Acute hepatic failure is a clinical syndrome induced by viral hepatitis, alcohol or other hepatotoxic agents, leading to high morbidity and mortality.¹ Liver transplantation is the specific available therapy, which is limited by the rarity of the organ. Thus, 80–90% high mortality is observed in patients with acute hepatic failure. Rodents challenged with D-galactosamine (D-GalN) were sensitized significantly to lipopolysaccharide (LPS). It has been recognized as a promising model, as D-GalN/LPS induced liver injury is similar to clinical acute hepatic failure.² Over-production of several cytokines and inflammatory mediators are caused by the combination of D-GalN and LPS.³ D-GalN/LPS show a more severe and rapid acute hepatic failure in mice, which also surpasses exclusive use of LPS.
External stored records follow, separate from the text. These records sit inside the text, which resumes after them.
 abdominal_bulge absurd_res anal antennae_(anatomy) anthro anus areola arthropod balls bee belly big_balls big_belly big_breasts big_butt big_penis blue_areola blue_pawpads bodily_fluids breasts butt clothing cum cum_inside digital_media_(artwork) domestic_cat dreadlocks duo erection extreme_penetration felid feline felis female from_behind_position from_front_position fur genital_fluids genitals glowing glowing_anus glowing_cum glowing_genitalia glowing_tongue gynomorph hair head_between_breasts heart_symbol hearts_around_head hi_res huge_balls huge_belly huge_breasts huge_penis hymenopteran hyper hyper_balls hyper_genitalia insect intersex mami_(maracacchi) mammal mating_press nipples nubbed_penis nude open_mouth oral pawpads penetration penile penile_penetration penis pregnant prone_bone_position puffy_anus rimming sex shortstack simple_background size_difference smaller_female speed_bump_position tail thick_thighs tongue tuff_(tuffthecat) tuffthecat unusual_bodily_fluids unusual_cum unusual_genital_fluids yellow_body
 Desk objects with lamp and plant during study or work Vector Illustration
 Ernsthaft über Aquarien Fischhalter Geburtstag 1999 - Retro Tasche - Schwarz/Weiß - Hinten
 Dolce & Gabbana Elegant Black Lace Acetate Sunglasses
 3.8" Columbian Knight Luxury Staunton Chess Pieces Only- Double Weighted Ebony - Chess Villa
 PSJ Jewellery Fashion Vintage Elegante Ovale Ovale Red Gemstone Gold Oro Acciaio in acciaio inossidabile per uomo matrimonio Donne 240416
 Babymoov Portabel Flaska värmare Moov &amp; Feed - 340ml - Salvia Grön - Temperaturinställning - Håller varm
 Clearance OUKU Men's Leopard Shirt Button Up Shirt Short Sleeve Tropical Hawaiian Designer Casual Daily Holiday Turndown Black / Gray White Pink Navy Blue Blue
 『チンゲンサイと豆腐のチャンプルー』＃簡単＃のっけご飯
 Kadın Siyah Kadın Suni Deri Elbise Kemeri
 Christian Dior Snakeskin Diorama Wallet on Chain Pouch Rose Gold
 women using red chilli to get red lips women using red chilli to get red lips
LPS is one of the major factors that regulate the inflammatory response by stimulating various proinflammatory mediator cytokines. In LPS-induced inflammation, LPS complex activates mitogen activated protein kinases (MAPK) signaling pathway.⁴ In addition, it is reported that D-GalN/LPS induced MAPK activation in mice.⁵ Furthermore, MAPK signaling cascades are activated by a variety of growth factors involved in kinds of biological responses, such as the production of cytokine and cell death.⁶ Apoptosis can be induced through extrinsic pathway followed by caspase-8 activation and via the mitochondrial pathway by triggering the Bcl-2 family.⁷

Thymoquinone (TQ), a bioactive natural product obtained from the black cumin seeds of Nigella sativa Linn, is a widely used spice or herb throughout India and the Middle East.⁸ Black cumin seed oil has been used as a traditional medicine of a range of diseases for a long history, such as diabetes, hypertension, inflammation, gastrointestinal disturbances, and cancer.^9,10 The anti-tumor activity of TQ has been reported in cells derived from ovarian, breast and colon cancers.¹¹ For a recent study, they showed the dual effect of TQ in apoptosis in cancer cells. They showed TQ reduced the viability of human colon cancer HCT116 cells. And treatment of cells with TQ induced apoptosis, which was associated with the upregulation of Bax and inhibition of Bcl-2 expression.¹² For instance, TQ was shown to possess anti-inflammatory and antioxidant effects.¹³ TQ had a protective effect against liver fibrosis induced by CCl₄, and inhibited the LPS-induced proinflammatory response in LX2 cells.^14,15 Based on the researches in vitro and in vivo, it is appropriate that TQ should move from testing on the bench to clinical experiments.¹¹ In our previous study, TQ represented a potential new source of medicine for treating hepatic injury, targeting at LPS-activated hepatic stellate cells in vitro,¹⁶ inhibiting TLR4 signaling pathway and activating LKB1–AMPK signaling pathway in vivo.¹⁷ In this study, we aimed to investigate the hepatoprotective effect of TQ on acute hepatic failure induced by D-GalN/LPS in mice, and focus on the role of apoptosis and MAPK signaling pathway.

Materials and methods

Animals

Male kunming mice were obtained from Yanbian University Laboratory Animal Centre (SPF, SCXK (J) 2011-0007). Animals (6–8 weeks old and 18–23 g) were housed in cages with bedding of flakes of wood at 22 ± 2 °C and relative humidity of 50–60% with 12 : 12 h light–dark cycle. The experimental procedures were approved by the Institutional Animal Care and Use Committee of Yanbian University.

Experimental design

Fifty mice were randomly divided into five groups for survival experiment (ten mice per group): normal, D-GalN/LPS, silymarin + D-GalN/LPS, TQ (20) + D-GalN/LPS and TQ (5) + D-GalN/LPS. In the TQ (Sigma Chemical Co., St Louis, MO, USA) and silymarin (Aldrich Chemical Co., Inc. Milwaukee, WI, USA) treated group, mice were intragastrically administered of TQ at doses of 20 mg kg⁻¹ and 5 mg kg⁻¹ and silymarin at dose of 100 mg kg⁻¹ for 12 h and 1 h prior to the D-GalN/LPS injections. Then the mortality for 48 h after injected intraperitoneally with D-GalN (700 mg kg⁻¹; Sigma Chemical Co., St Louis, MO, USA) and LPS (10 μg kg⁻¹; Sigma Chemical Co., St Louis, MO, USA) was observed.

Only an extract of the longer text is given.